Regardless that the Committee did not have the power to amend the Plan to remove the JH Funds, the Committee had discretion over the selection of investment options for the same reason Janus did: ERISA's statutory duties override the Plan's mandate to offer all JH Funds. 29 U.S.C. §§ 1104(a)(1)(D), 1110(a). Defendants cite several cases for the proposition that when a person lacks discretion to act concerning a subject, they cannot be held liable as a fiduciary for conduct relating to it: Teets v. Great-West Life & Annuity Ins. Co., 921 F.3d 1200, 1206-07 (10th Cir. 2019); In re Bear Stearns Cos. Sec., Derivative, & ERISA Litig., 763 F.Supp.2d 423, 56667 (S.D.N.Y. 2011); on recon., 07 Civ. 10453, 2011 WL 4072027 (S.D.N.Y. Sept. 13, 2011), and on recon., 2011 WL 4357166 (S.D.N.Y. Sept. 13, 2011); In re Am. Exp. Co. ERISA Lit., 762 F.Supp.2d 614, 626 (S.D.N.Y. 2010); and Smith v. Delta Air Lines, Inc., 422 F.Supp.2d 1310, 1326 (N.D.Ga. 2006). But none of those cases expressly allow a named fiduciary who generally has discretion over investment management to avoid their statutory duty of prudence based on plan documents that purport to carve out some investments. None of these cases discuss whether, despite a plan document purporting to limit investment discretion, 29 U.S.C. §§ 1104(a)(1)(D) or 1110(a) nonetheless imposed a duty of prudence as to those matters. See, e.g., Teets, 921 F.3d at 1205 (defendant was also not a named fiduciary but only an investment fund manager whose obligations as a “functional fiduciary” were limited to the plan's documents or contract); Bear Stearns, 763 F.Supp.2d at 566-67; Am. Ex., 762 F.Supp.2d at 626; Delta Air Lines, 422 F.Supp.2d at 1326.
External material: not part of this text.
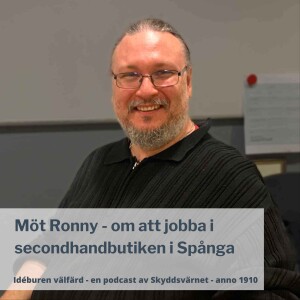 Möt Ronny - om att jobba i secondhandbutiken i Spånga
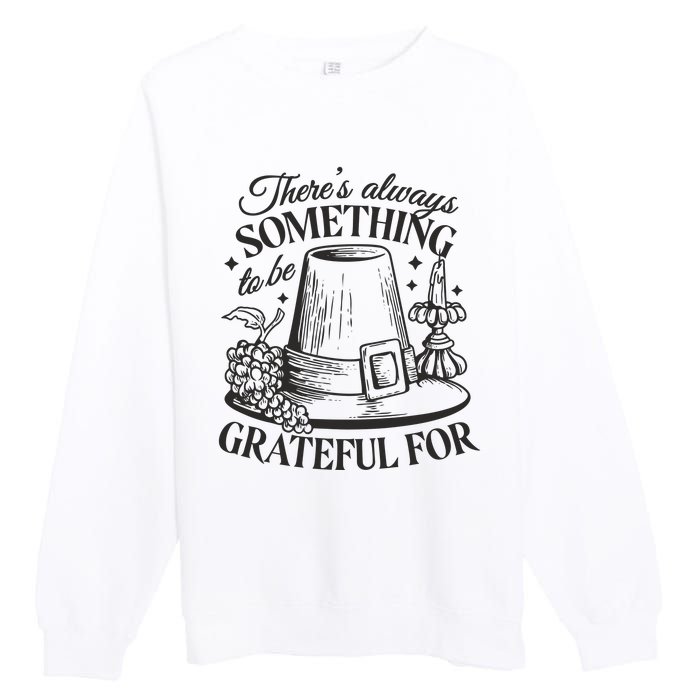 There's Always Something To Be Grateful For Thanksgiving Premium Crewneck Sweatshirt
The same is true of the cases Defendants cite in a footnote on this issue: Renfro v. Unisys Corp., 671 F.3d 314, 323-29 (3d Cir. 2011); Rosen v. Prudential Ret. Ins. & Annuity Co., 2016 WL 7494320, at *6-8 (D. Conn. Dec. 30, 2016); Hecker v. Deere & Co., 556 F.3d 575, 583-84 (7th Cir. 2009). None of these cases appear to discuss 29 U.S.C. §§ 1104(a)(1)(D) or 1110.

In sum, this court thus concludes that the facts the court can consider on a motion to dismiss show that the Committee was a fiduciary with respect to offering the JH Funds, regardless that the Plan and related documents said those funds were outside the Committee's discretion. Accordingly, the court recommends that Defendants' arguments concerning their fiduciary status should be granted only with respect to Janus's “hardwiring” the JH Funds in the design of the Plan and decision to not amend the Plan, and otherwise denied.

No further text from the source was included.